Cannot become charities: bodies that promote activities that are unlawful, contrary to public morality, contrary to public policy or in support of terrorism or terrorist activity; trade unions; political parties or bodies that promote a political party, cause or candidate.
1.Unincorporated associations. Unincorporated associations are popular in part because they are relatively easy to form. An unincorporated association is a membership-based organization. The association does not ordinarily have legal personality and thus cannot enter into legal relations in its own right. Members are jointly and severally liable for the association’s debts.
Often groups will start off as unincorporated associations and then, if they become bigger and undertake more activities, such as employing staff, they may decide to incorporate. With growing complexity and more prominent risks the members of the group need protection, so they are not individually liable for the activities of the organisation.
Many charitable organisations are constituted as unincorporated associations and are usually governed by a set of rules in the form of a Constitution. Such organisations are like clubs, consisting of people bound together by mutual agreement, who meet on a regular basis to pursue a common interest. Many smaller unincorporated associations do not have a Constitution or written rules, however if the organisation is a charity the Charities Regulator will require it to have a written Constitution. The Charities Regulator requires the following to be set out in a written agreement:
• The name of the association (Is the same or very similar to an existing charity? Could mislead people regarding its purpose(s) or activities? Could lead people to incorrectly believe it is connected to another body? Might cause offence to a reasonable person?)

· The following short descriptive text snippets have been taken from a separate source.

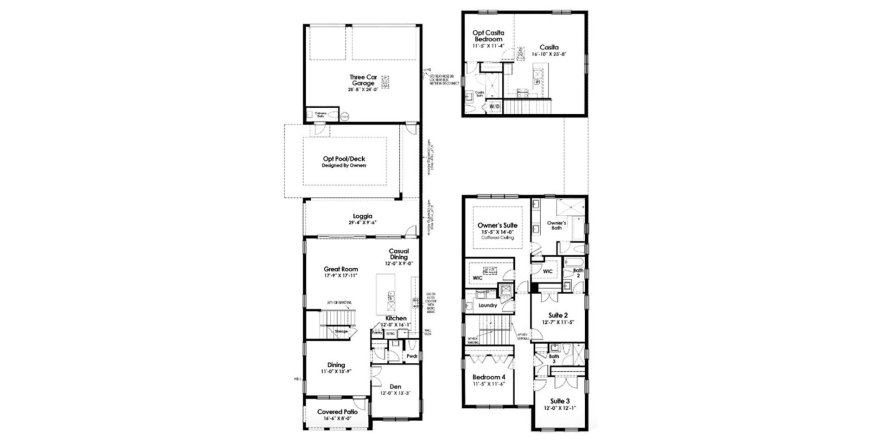 House floor plan «332SQM», 5 bedrooms in ALTON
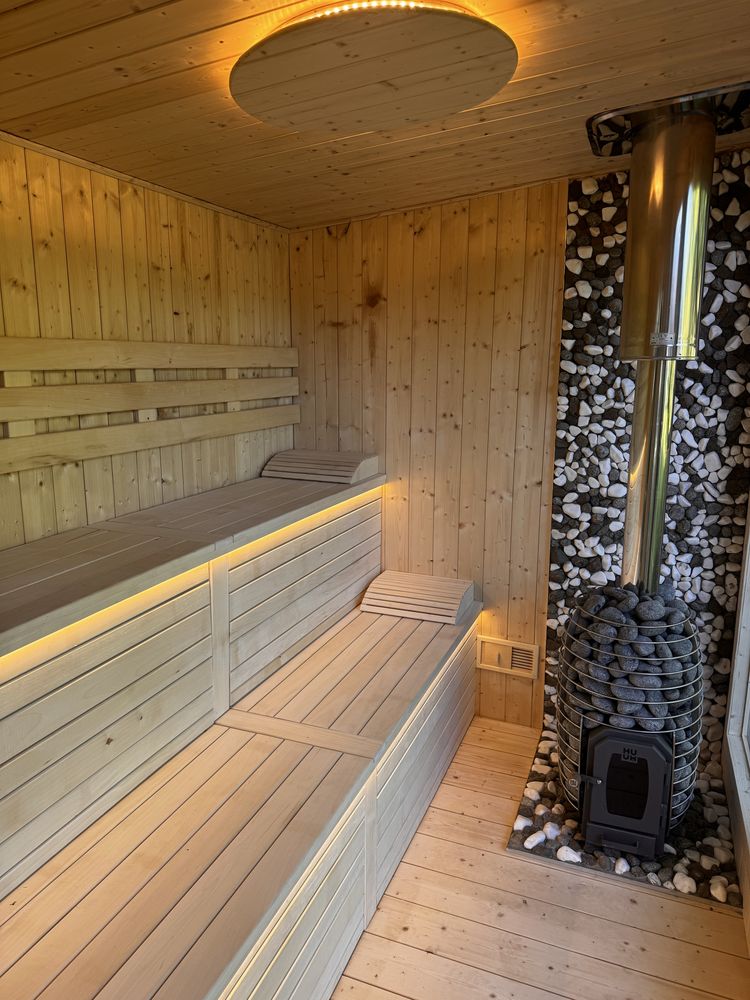 Sauna fińska! Producent ! Okazja!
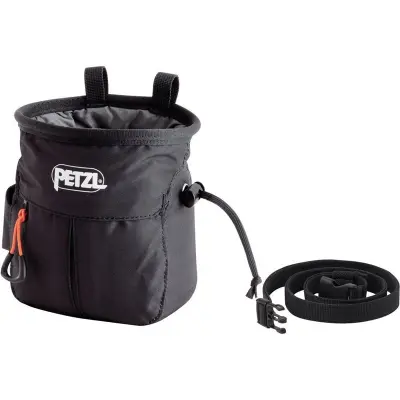 Petzl Sakapoche Black Black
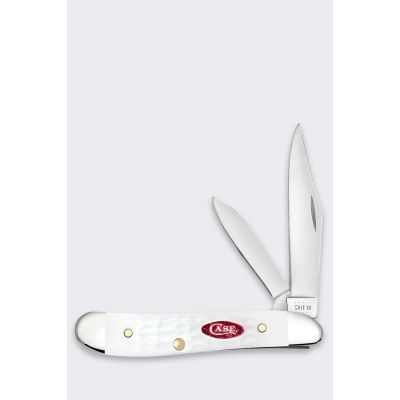 Case SparXX Peanut SS White Taschenmesser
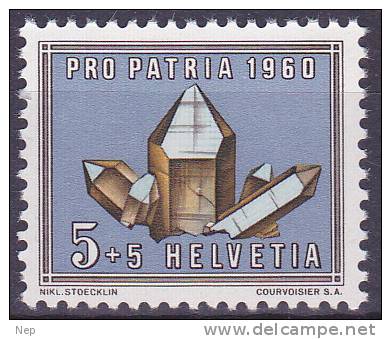 ZWITSERLAND - Briefmarken - 1960 - Nr 725 - MNH** - Ungebraucht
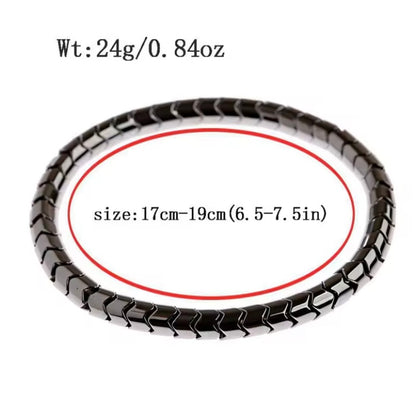 Hematiet Magnetische Armband
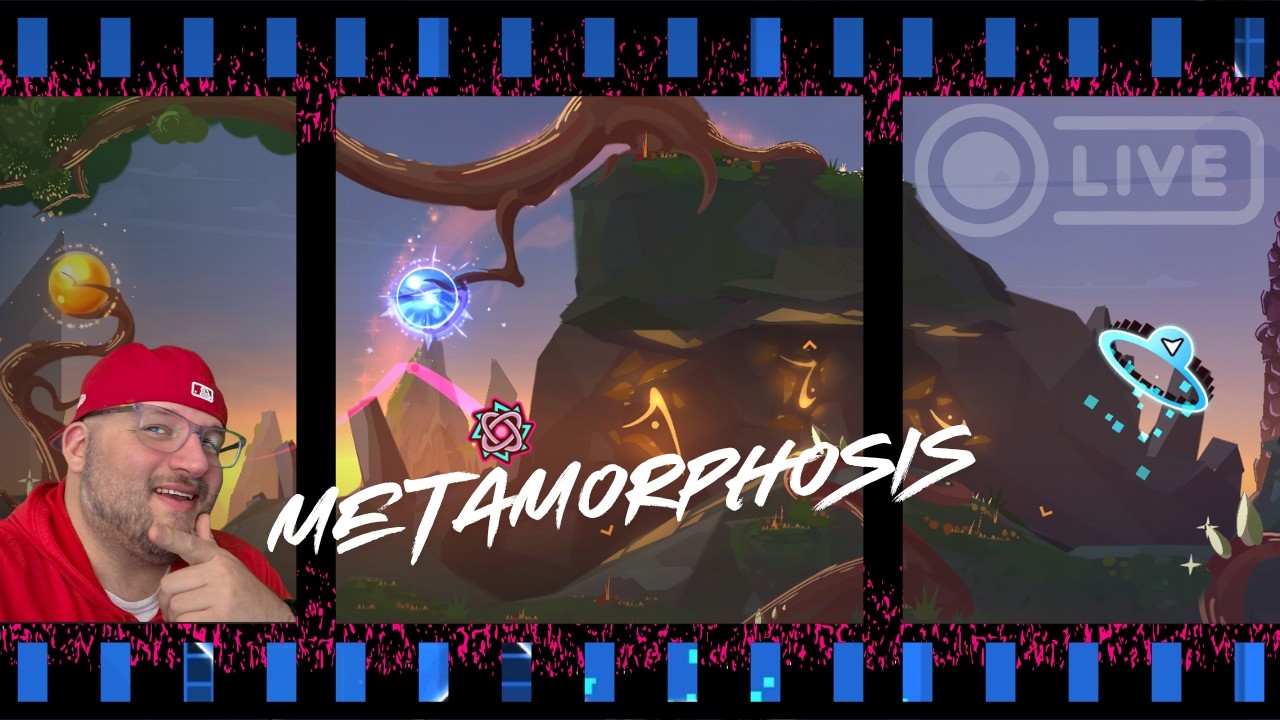 Metamorphosis by fawksgdd (Medium Geometry Dash Demon) 75-100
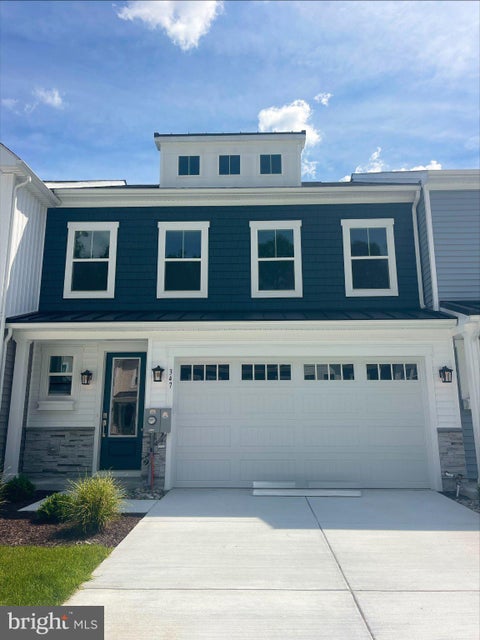 Townhouse For Sale - 347 Gallagher Drive<br/> OCEAN VIEW, DE 19970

• Its aims and objectives which must fall under one of the primary charitable purposes
• Details of the people on its overall governing body (e.g. Board, Management Committee)
• The role, function and contractual arrangement of the Trustees – the Charity Regulator requires there to be a minimum of 3 unrelated Trustees
• The appointment, terms of office, powers and duties of the Trustees
• Specific income and property clauses
Trustees/Board/Management Committee The trustees and its members are bound by the objects of the charity and they are under a duty not to do anything that is outside the scope of the objects of the charity.
Advantages: The biggest advantage is that it is easy and inexpensive to set up; It also has considerable discretion in the manner of its operation and administration and therefore appeals to small voluntary groups
Disadvantage: The biggest disadvantage is that the members are not entitled to limited liability, making them personally liable for their actions including financial failures of the charitable organisation
2.Trust. In a trust, one or more persons operating under the authority of a “deed of trust” hold funds or property on behalf of other persons. Like an unincorporated association, a trust ordinarily has no legal personality; the trustees themselves must enter into legal relations and accept personal liability. The trustees of this form have unlimited liability. Under Section 2 of the Charities Act 1973, however, a qualifying trust may become a body corporate. To seek such a conversion, the trustees apply to the Charities Regulatory Authority (CRA). A body corporate established in this manner has a common seal and power to do any act or thing (including hold land) necessary to administer the trust as a charity. Moreover, the charity may sue or be sued in its corporate name
Governing document is called a ‘Trust Deed’ and it sets out the key matters of the Trust such as:
• The appointment, power and removal of trustees
• The objectives of the trust
While its main advantages are the relative speed, simplicity and lack of cost involved, main disadvantages are these: trustees have no limited liability and can be sued in their personal capacity for breach of trust and can be held personally liable for third party debts, there are far greater restrictions placed on the trustees of a trust than on directors of a company, the alteration or change of trustees is complex.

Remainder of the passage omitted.